THE DATA:
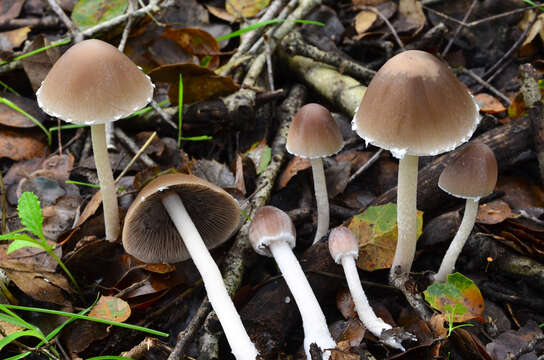 Image of Psathyrella longipes (Peck) A. H. Sm. 1941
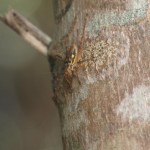 樹上で生活しているクチキコオロギ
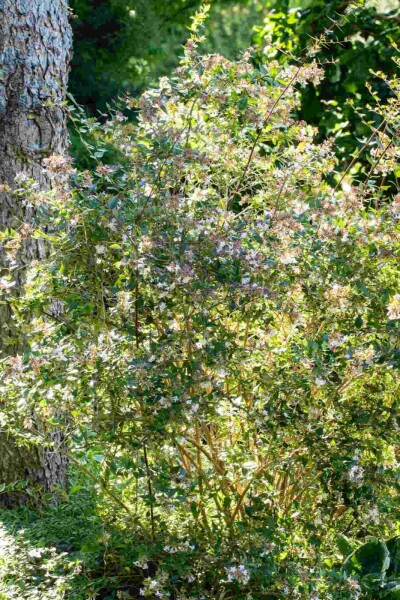 Abelia × grandiflora 'Edward Goucher' C3 30-40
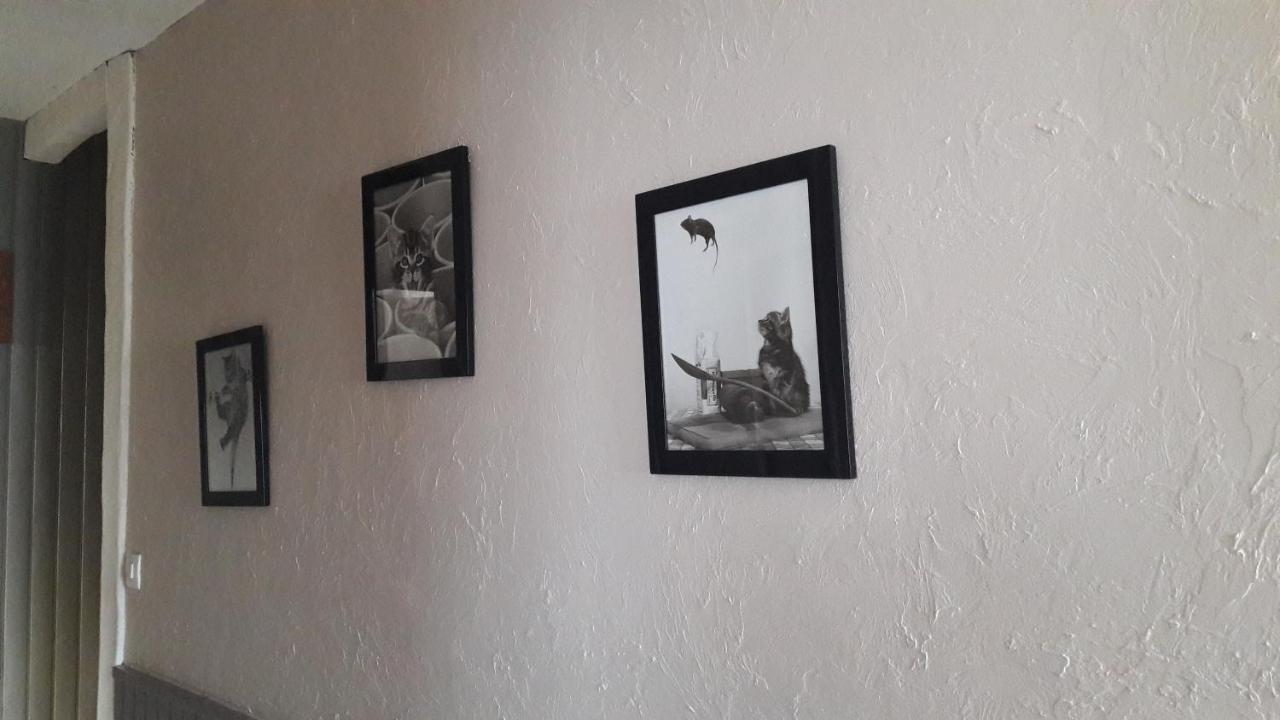 Chambre D'Hote - La Ruche Des Bleuets Mulsanne Luaran gambar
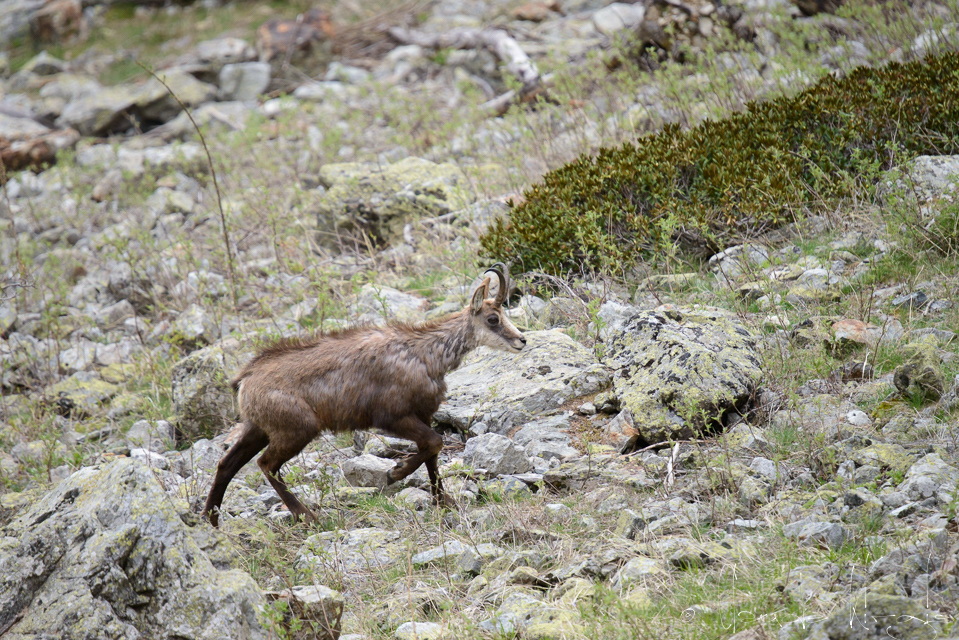 Chamois (Rupicapra rupicapra)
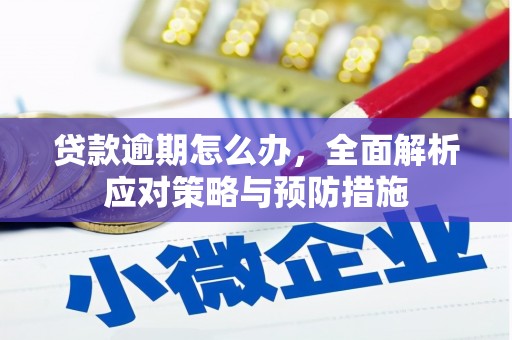 六枝贷款逾期怎么办，全面解析应对策略与预防措施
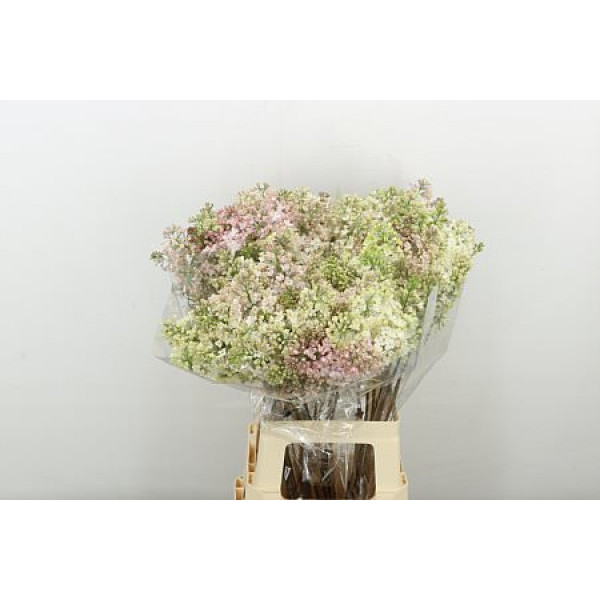 Lilac - Syringa Hy Maidens Blush 4Plus A2 7 A2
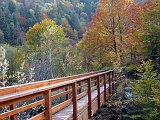DSCF0071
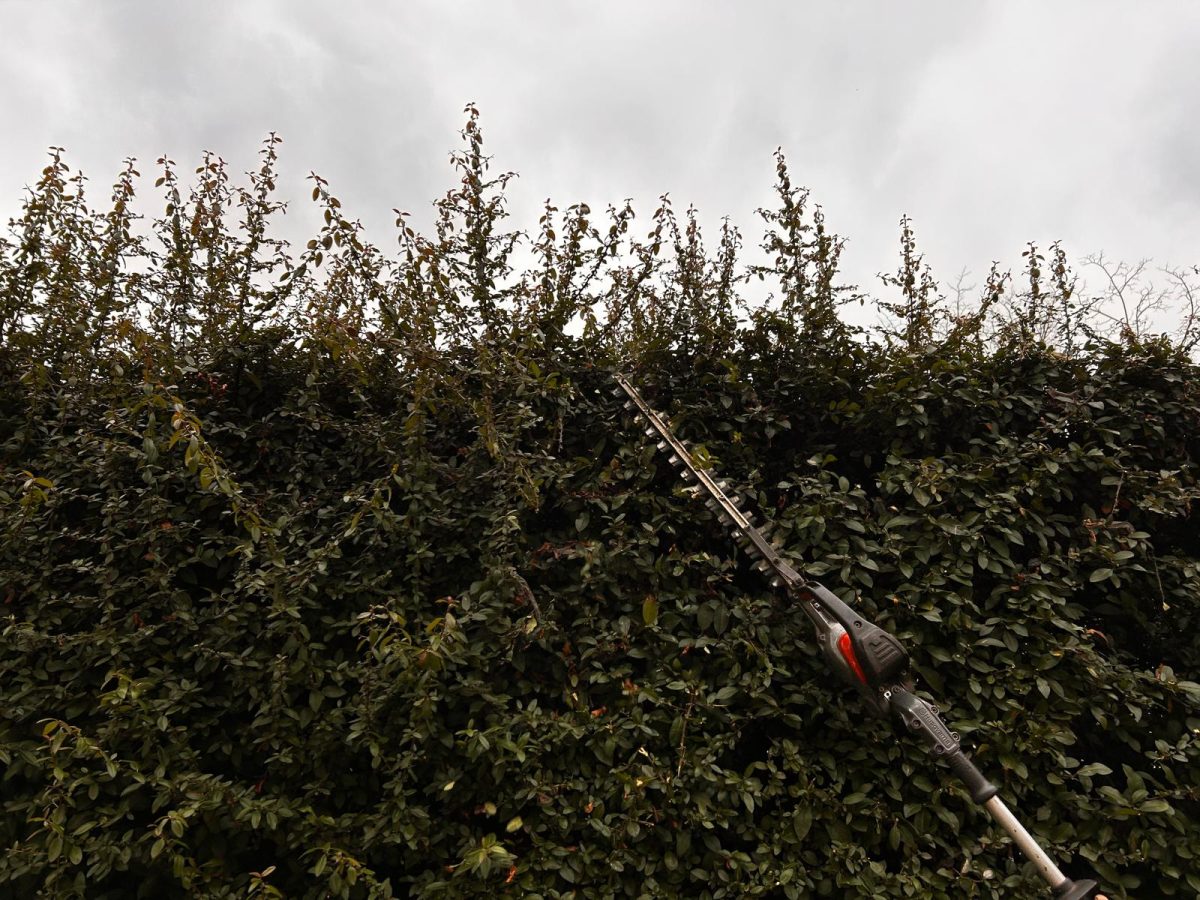 Urban Arboristica - Întreținere Spațiu Verde – Cluj-Napoca, Ion Agarbiceanu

WHAT YOU WILL DO: Every line of the records above must reappear exactly, though the pictures must not.

RESPONSE BOX:
 Image of Psathyrella longipes (Peck) A. H. Sm. 1941
 樹上で生活しているクチキコオロギ
 Abelia × grandiflora 'Edward Goucher' C3 30-40
 Chambre D'Hote - La Ruche Des Bleuets Mulsanne Luaran gambar
 Chamois (Rupicapra rupicapra)
 六枝贷款逾期怎么办，全面解析应对策略与预防措施
 Lilac - Syringa Hy Maidens Blush 4Plus A2 7 A2
DSCF0071
 Urban Arboristica - Întreținere Spațiu Verde – Cluj-Napoca, Ion Agarbiceanu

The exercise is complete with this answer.